Accelerate

TPU training

A TPU (Tensor Processing Unit) is a type of hardware specifically designed for training models efficiently. Accelerate supports TPU training, but there are a few things you should be aware of, namely graph compilation. This tutorial briefly discusses compilation, and for more details, take a look at the Training on TPUs with Accelerate guide.

Compilation

A TPU creates a graph of all the operations in the training step such as the forward pass, backward pass and optimizer step. This is why the first training step always takes a while because building and compiling this graph takes time. But once compilation is complete, it is cached and all subsequent steps are much faster.

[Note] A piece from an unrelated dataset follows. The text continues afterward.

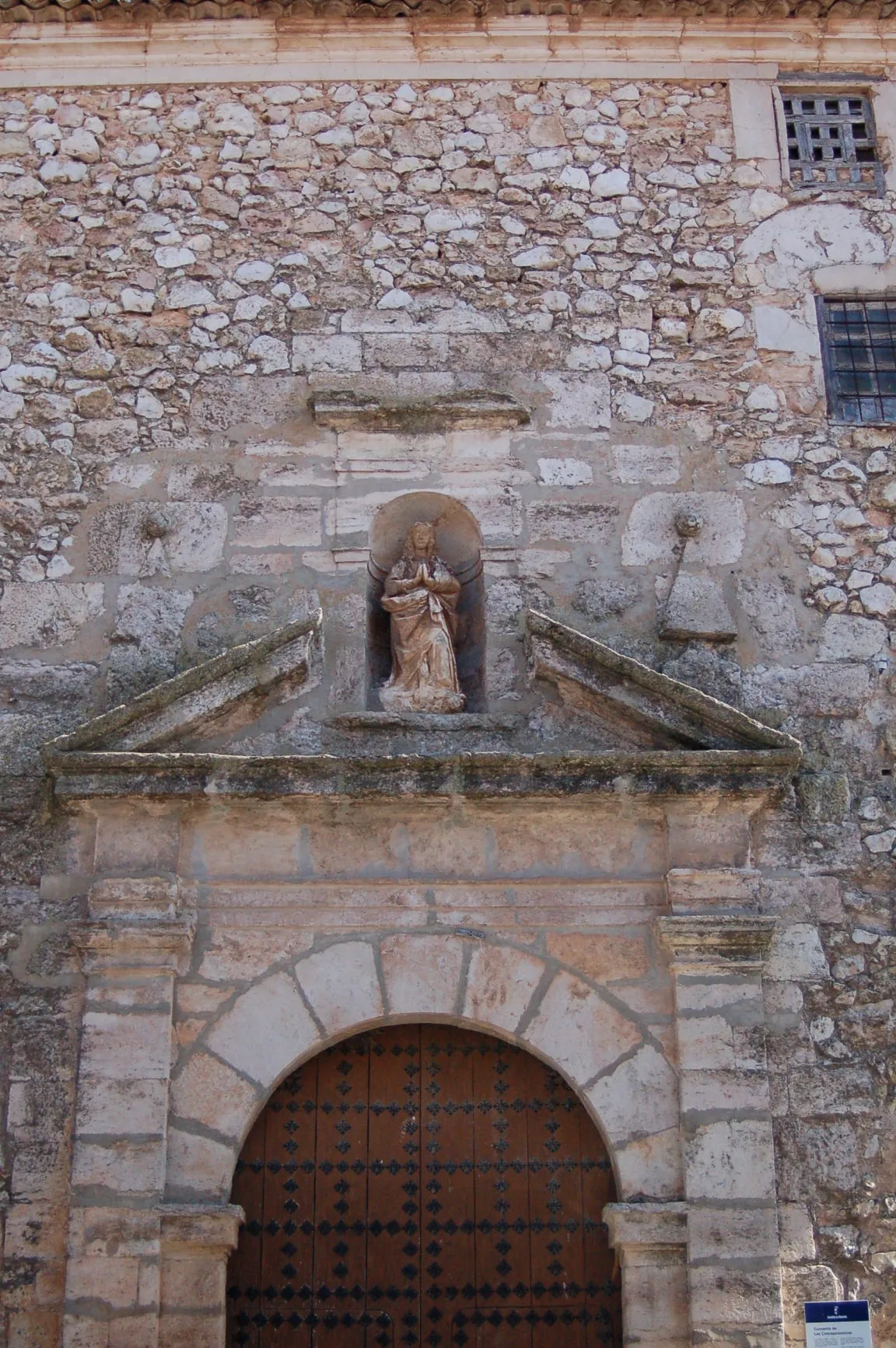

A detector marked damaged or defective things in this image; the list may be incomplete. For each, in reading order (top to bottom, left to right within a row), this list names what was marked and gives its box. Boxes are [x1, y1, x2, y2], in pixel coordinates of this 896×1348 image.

broken pediment [41, 609, 797, 803]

The key is to avoid compiling your code again or else training is super slow. This means all your operations must be exactly the same:

all tensors in your batches must have the same length (for example, no dynamic padding for NLP tasks)
your code must be static (for example, no layers with for loops that have different lengths depending on the input such as a LSTM)

Weight tying

A common language model design is to tie the weights of the embedding and softmax layers. However, moving the model to a TPU (either yourself or passing it to the prepare() method) breaks the weight tying and you’ll need to retie the weights.

To add special behavior (like weight tying) in your script for TPUs, set distributed_type to DistributedType.TPU first. Then you can use the tie_weights method to tie the weights.

if accelerator.distributed_type == DistributedType.TPU:
    model.tie_weights()